▶ TASK PROMPT
Omit every picture while you reproduce the entries that follow word for word.

▶ DATA FOR THIS TASK
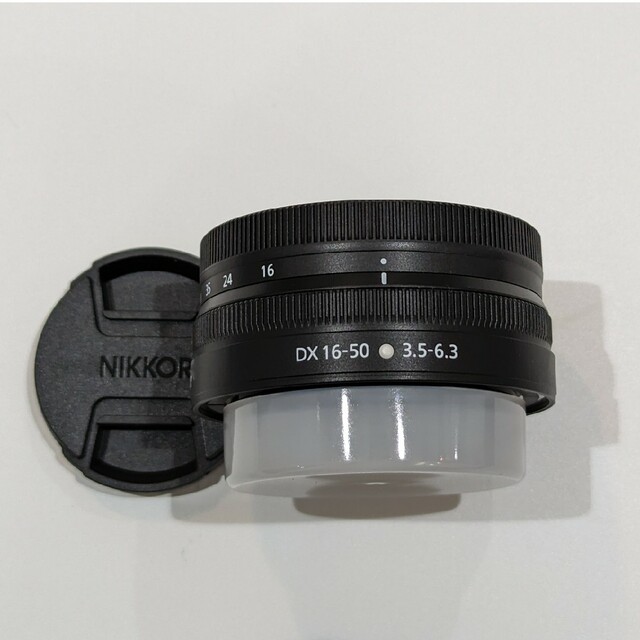 Nikon(ニコン)のNikon  Z DX 16-50mm f3.5-6.3 VR スマホ/家電/カメラのカメラ(レンズ(ズーム))の商品写真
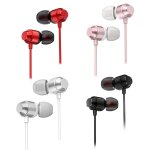 Ecouteurs filaires de type oreille à inhalation magnétique avec interface de type c avec micro - noir ... Ecouteurs filaires de type oreille à inhalation magnétique avec interface de type c avec micro - noir ...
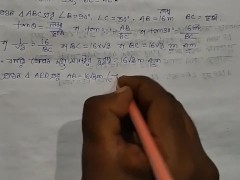 Heights & Distances Trigonometric Math Slove By Bikash Edu Care Episode 6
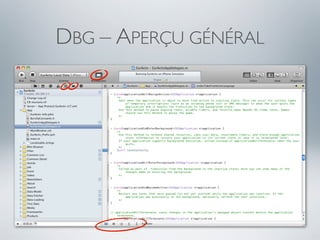 DBG – APERÇU GÉNÉRAL
 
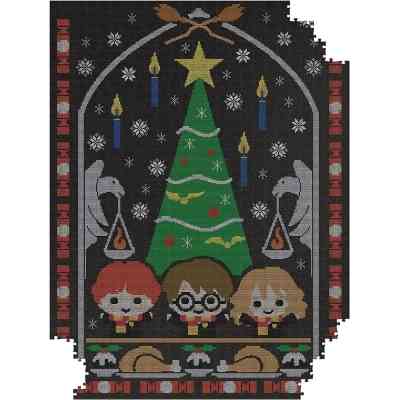 Пазл Winning Moves Harry Potter 1000 деталей (WM01535-ML1-6) Винница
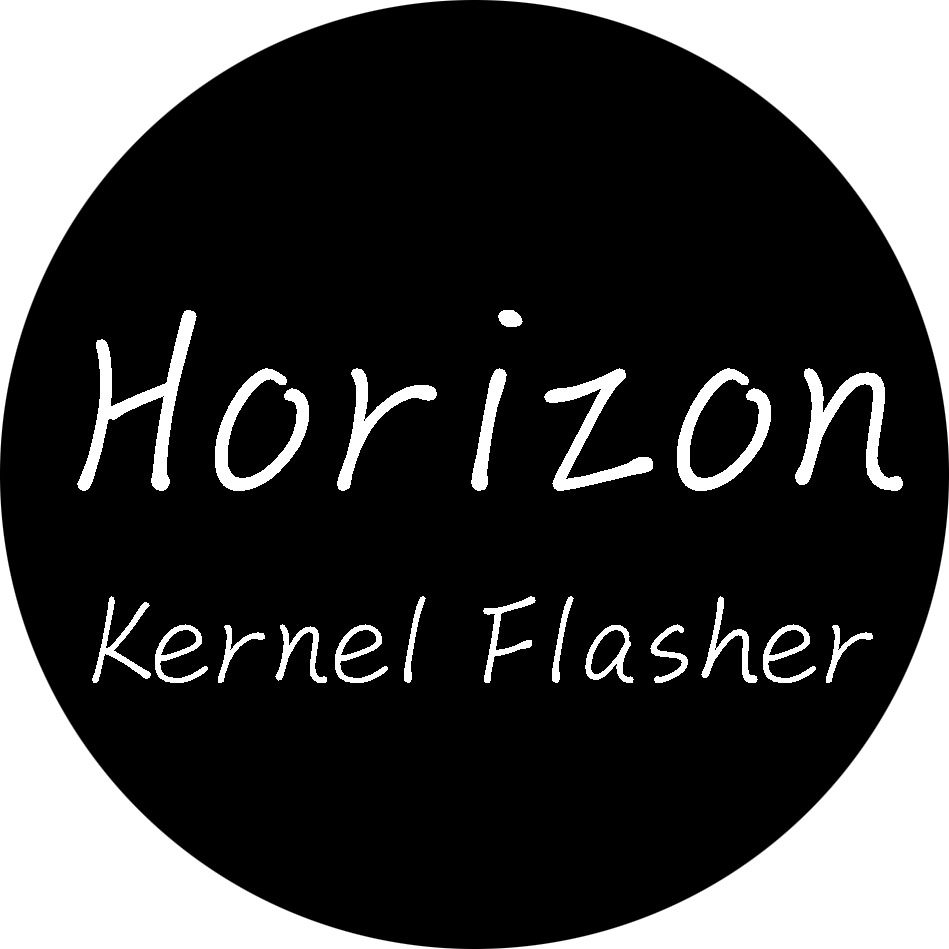 Horizon Kernel Flasher Horizon Kernel Flasher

▶ EXERCISE RESULT
 Nikon(ニコン)のNikon  Z DX 16-50mm f3.5-6.3 VR スマホ/家電/カメラのカメラ(レンズ(ズーム))の商品写真
 Ecouteurs filaires de type oreille à inhalation magnétique avec interface de type c avec micro - noir ... Ecouteurs filaires de type oreille à inhalation magnétique avec interface de type c avec micro - noir ...
 Heights & Distances Trigonometric Math Slove By Bikash Edu Care Episode 6
 DBG – APERÇU GÉNÉRAL
 
 Пазл Winning Moves Harry Potter 1000 деталей (WM01535-ML1-6) Винница
 Horizon Kernel Flasher Horizon Kernel Flasher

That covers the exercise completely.